Wording, legal fights and a lack of oversight is creating confusion over who can vote and who cannot.
Right now, only people who’ve finished their prison sentence plus parole time and have paid off all fines, fees and restitution are legally allowed to vote. But those rules are changing, and the state is not double-checking to make sure they’re being followed, which means some groups are preparing for possible Election Day issues.
READ MORE: Amendment 4 grants ex-felons ability to register to vote, but it’s far from a done deal
A court ruled Wednesday that Florida cannot bar felons who served their time from voting, even if they haven’t paid their fines or court fees, but Gov.
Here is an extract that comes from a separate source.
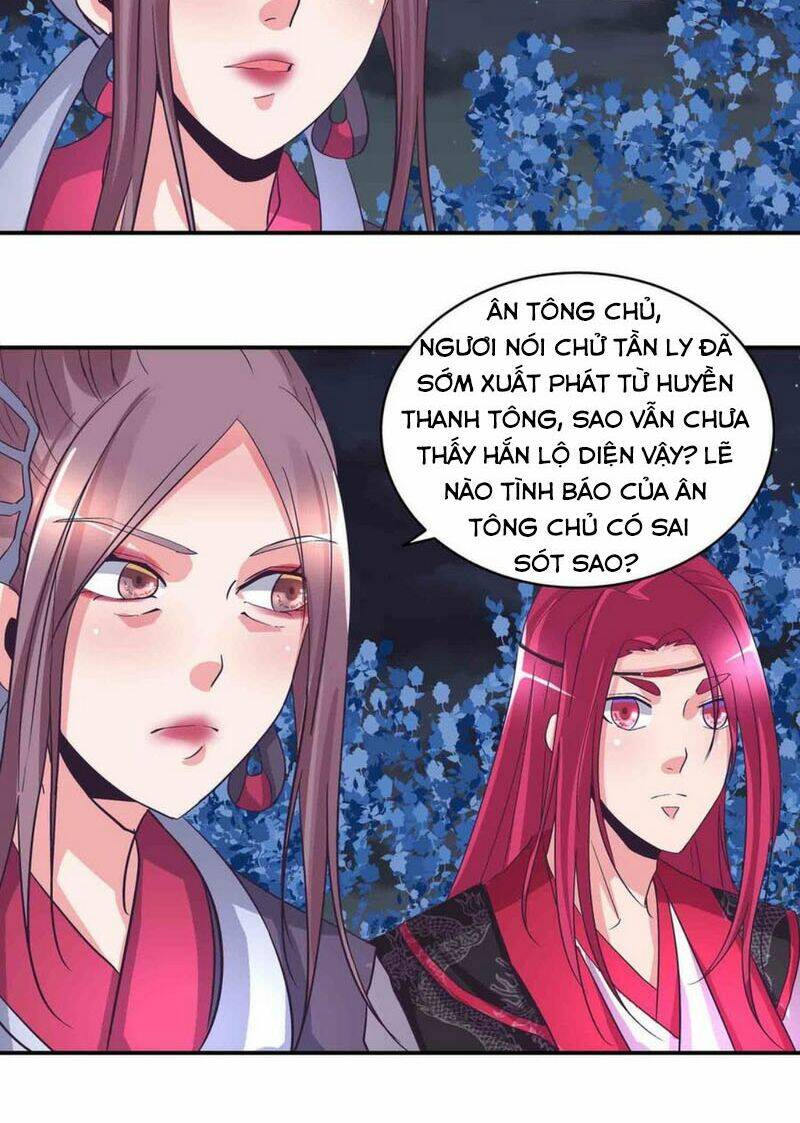 Đệ Nhất Chưởng Môn - Chapter 154 - Page 11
Ron DeSantis wants the judges to reconsider.
In 2018, nearly 65% of Florida residents voted to pass Amendment 4, which gives felons who were not convicted of murder or sexual offenses the right to vote if they complete all “terms of sentence.”
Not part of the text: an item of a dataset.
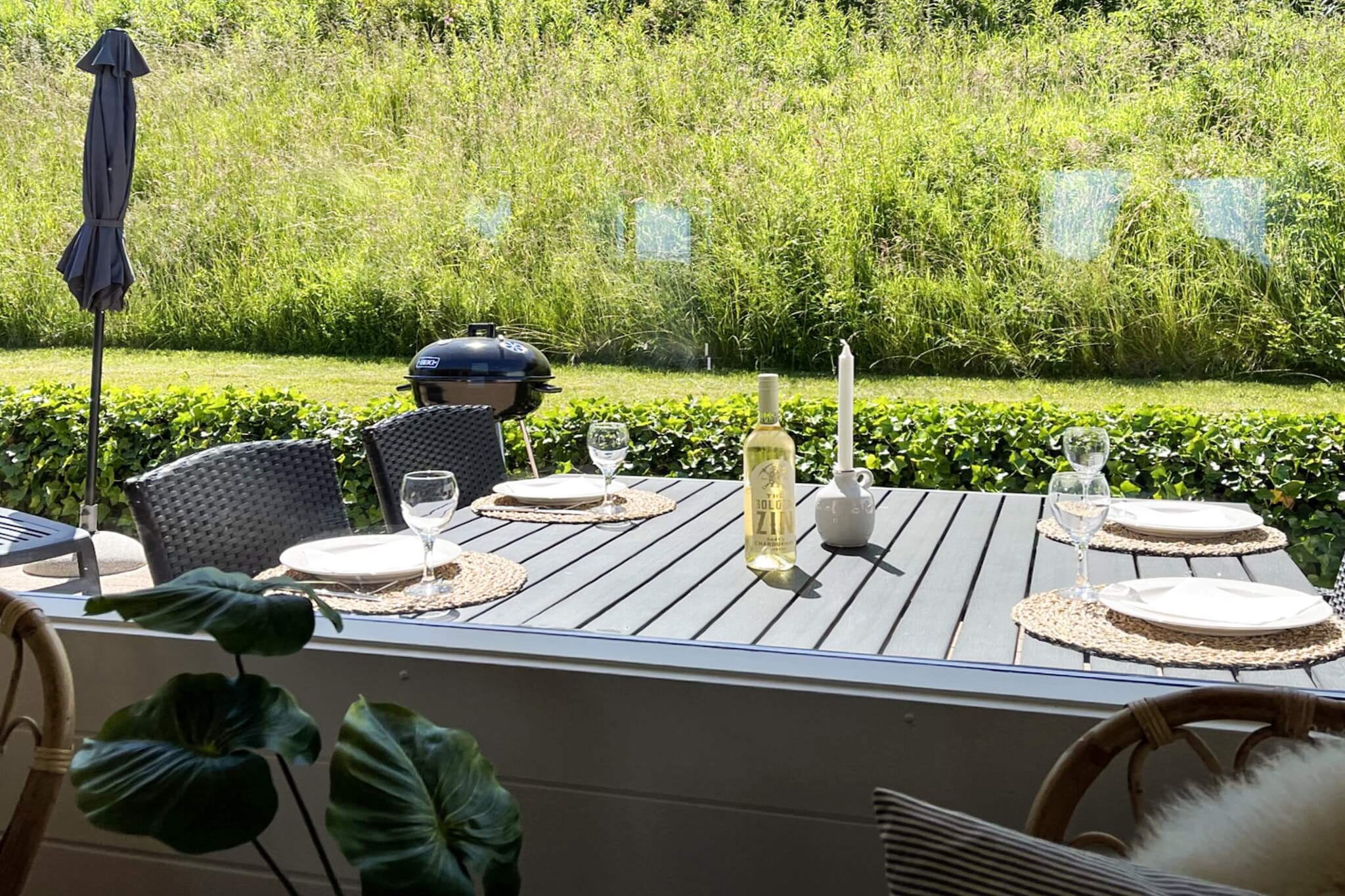 4 persoons vakantie huis in Aabenraa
DeSantis then signed a bill into law that defined “terms of sentence” to include all court fees a felon might owe. Seventeen people sued the state after proving they could pay.
A three-judge panel of the 11th U.S. Circuit Court of Appeals upheld the original ruling by a Tallahassee federal judge that said requiring paying all fines and fees first is an unfair poll tax.
Related: Court: Florida can’t bar felons from vote over fines, fees
DeSantis has said he wants all 12 of the appeals judges, not just the three who ruled on Wednesday, to look at the issue. That means it could end up going to the U.S. Supreme Court and take a year before it’s resolved.
The Florida Democratic Party has set up a hotline to help explain who can and cannot vote.
“When everybody votes, we all win,” said Wes Hodge, chairman for Orange County Democratic Party.
The Democratic Party also has 120 more volunteers helping with this election cycle statewide compared to just before the last presidential election, in part because there’s confusion.
On the Florida voter registration application, there are two different forms with three different questions, asking if a felon’s rights have been restored. None of the questions mention paying off fines, fees and restitution, which lawmakers made a voting requirement for felons in 2019.
Orange County Supervisor of Elections Bill Cowles says the state is only flagging new felons or someone convicted of murder or sexual assault.
“At this point they’re not doing a check on it," Cowles said.
That means some names on the voter rolls could come down, depending on how the legal fights surrounding the requirement for paying fines, fees and restitution pan out.
It could also mean that, come Election Day in November, some people could vote even though they shouldn’t, which may lead to challenges.
Cowles said “very few” votes are challenged, and that it “remains to be seen” if there will be more votes challenged this year.
Ruben Saldana said he used to be a gang leader. Now 44, he was hoping to cast his first vote ever.
“My voice matters,” Saldana said. “I have a right to vote, just like everyone else."
Channel 9 reached out to the Republican Party, but haven’t heard back yet if it’s preparing for issues with Amendment 4.
A Florida A&M law professor warned people to be careful, because you can face a felony charge if you are found to be voting illegally.